> ASSIGNMENT: The answer is to be the data that follows, transcribed exactly, minus its pictures.

Stored records:

────────────────

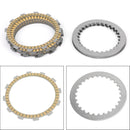 Clutch Plate Kit Friction & Iron Plates for Honda CB CBX CBR 400 500 600 92-18 Generic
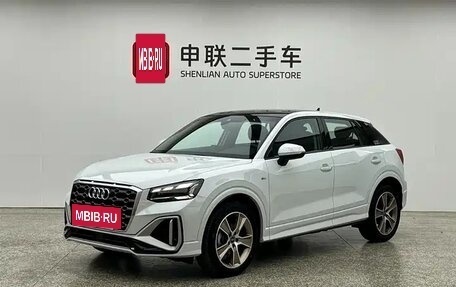 Audi Q2 I, 2022 год, 1 810 000 рублей, 2 фотография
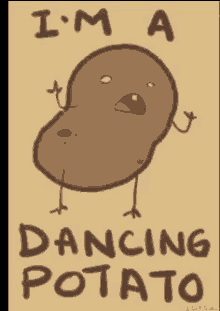 dancing weird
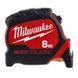 Рулетка MILWAUKEE WIDE BLADE, 8м (33мм) 4932471816 фото 1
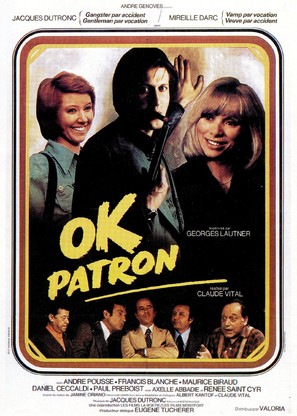 O.K. patron - French Movie Poster (thumbnail)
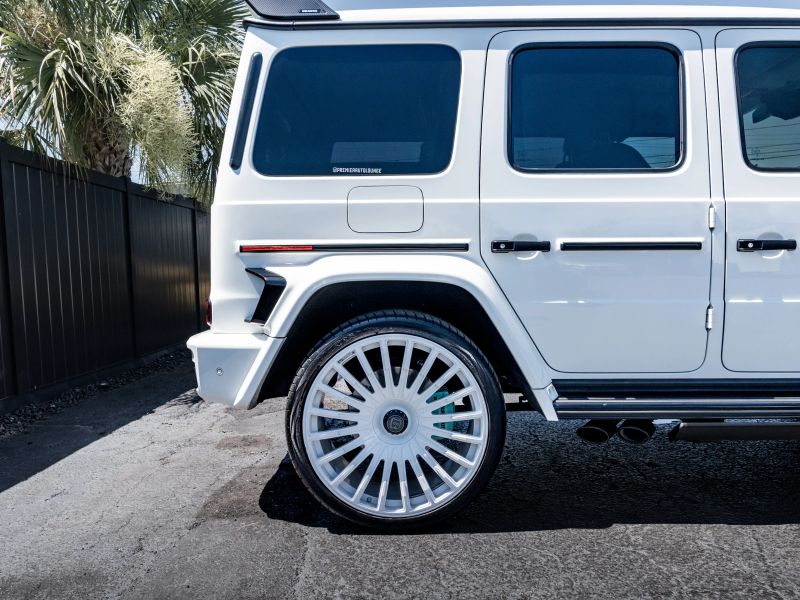 2024 Mercedes-Benz Mercedes-AMG G-Class AMG Brabus G 63  Sport Utility 4D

────────────────

> SOLUTION TO THIS TASK:
 Clutch Plate Kit Friction & Iron Plates for Honda CB CBX CBR 400 500 600 92-18 Generic
 Audi Q2 I, 2022 год, 1 810 000 рублей, 2 фотография
 dancing weird
 Рулетка MILWAUKEE WIDE BLADE, 8м (33мм) 4932471816 фото 1
 O.K. patron - French Movie Poster (thumbnail)
 2024 Mercedes-Benz Mercedes-AMG G-Class AMG Brabus G 63  Sport Utility 4D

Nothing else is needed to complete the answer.